Sinopse
Este grandioso filme de Akira Kurosawa adapta a peça
Rei Lear aos temas e ambientes do Japão Medieval, com o episódio de um velho
guerreiro que decide repartir as suas terras pelos três filhos, desencadeando
uma luta de poder entre os irmãos, que termina de forma trágica. Da mestria de
Kurosawa resulta uma extraordinária e excêntrica fusão entre um dos maiores
clássicos literários do ocidente e um estudo minucioso da história do Japão do
século XVI.
Para fazer da peça de Shakespeare um detalhado fresco
de uma época histórica, Kurosawa não só lhe introduz diversos elementos
estilísticos do teatro Nô, como se apropria do seu enredo e o radicaliza
tornando-o muito mais extremo que o original, demostrando assim a verdadeira
universalidade deste clássico.
Ao longo de 10 anos, Kurosawa estudou de forma
minuciosa aquela época – os gestos, o vestuário, os adereços, a arquitetura –
para os transpor para o filme e, antecipando o agravamento da sua perda de
visão, preparou um storyboard
detalhado, a partir do qual a sua equipa soube exatamente como filmar cada cena
de RAN. Esta grandiosa produção, pela forma tão cuidadosa e precisa como foi
pensada e realizada, resulta num inesquecível espetáculo visual, rico na sua
dramaturgia e detalhes, e foi amplamente premiada, nomeadamente com o Óscar
para melhor figurino e vários BAFTA.
Opinião
por Artur Neves
Em boa hora o Cinema Ideal,
pela mão da distribuidora Midas Filmes, vai repor em versão restaurada 4K o
filme RAN de Akira Kurosawa que foi estreado em Portugal em Novembro de 1986 e
nos permitiu apreciar uma obra de arte da “Terra do Sol Nascente”, que é o que literalmente
significam os carateres identificadores do Japão, na língua japonesa.
Tal como a sinopse
largamente descreve, RAN conta a tragédia Inglesa escrita em 1605 por William
Shakespeare, em que o idoso rei da Bretanha enlouquece, depois de ter sido traído
por duas das suas três filhas, após ter legado em vida, o seu reino e de se ter
despojado dos seus direitos e poder, de uma maneira gratuita e insensata.
A obra foi escrita para
teatro e o grande mérito de Kurosawa reside no trabalho de investigação e
adaptação à cultura japonesa de um trabalho inspirado em antigas lendas britânicas,
escrito para o rei Jaime I de Inglaterra, Escócia e Irlanda.
Este facto é importante
porque comprova a semelhança de comportamentos, ambições e desejos comuns à espécie
humana, oriundos de culturas profundamente diferentes e com diferentes códigos
sociais, com diferentes formas de procurarem atingir os seus objetivos em
contextos tão diferentes como o Japão imperial e a Inglaterra monárquica.
A Kurosawa coube então a
arte e o engenho de caracterizar e justificar os atos relatados na peça ao
contexto da época imperial, revestindo-a e valorizando-a com os detalhes de
conduta nas relações sociais da época, bem como, com as sangrentas batalhas
entre os irmãos desavindos, embora seguindo regras rígidas de confrontação em
combate, pautadas por convenções de ética e de honra que nos espantam.

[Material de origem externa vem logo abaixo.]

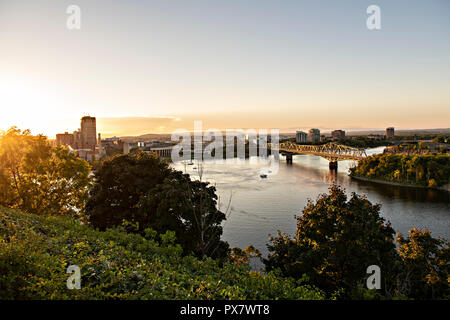 Vue d'Alexandra Pont pendant la journée à l'automne Banque D'Images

Por incompatibilidade de agenda
e para grande pena minha, não assisti ao visionamento do filme restaurado e
para o recordar, servi-me do meu velhinho DVD, e extrapolei mentalmente o que
deve ser, em termos de espetáculo, o upgrade
para o formato 4K, não só no detalhe da imagem como na coloração do vestuário. Em
qualquer dos casos é um filme imperdível que recomendo com veemência.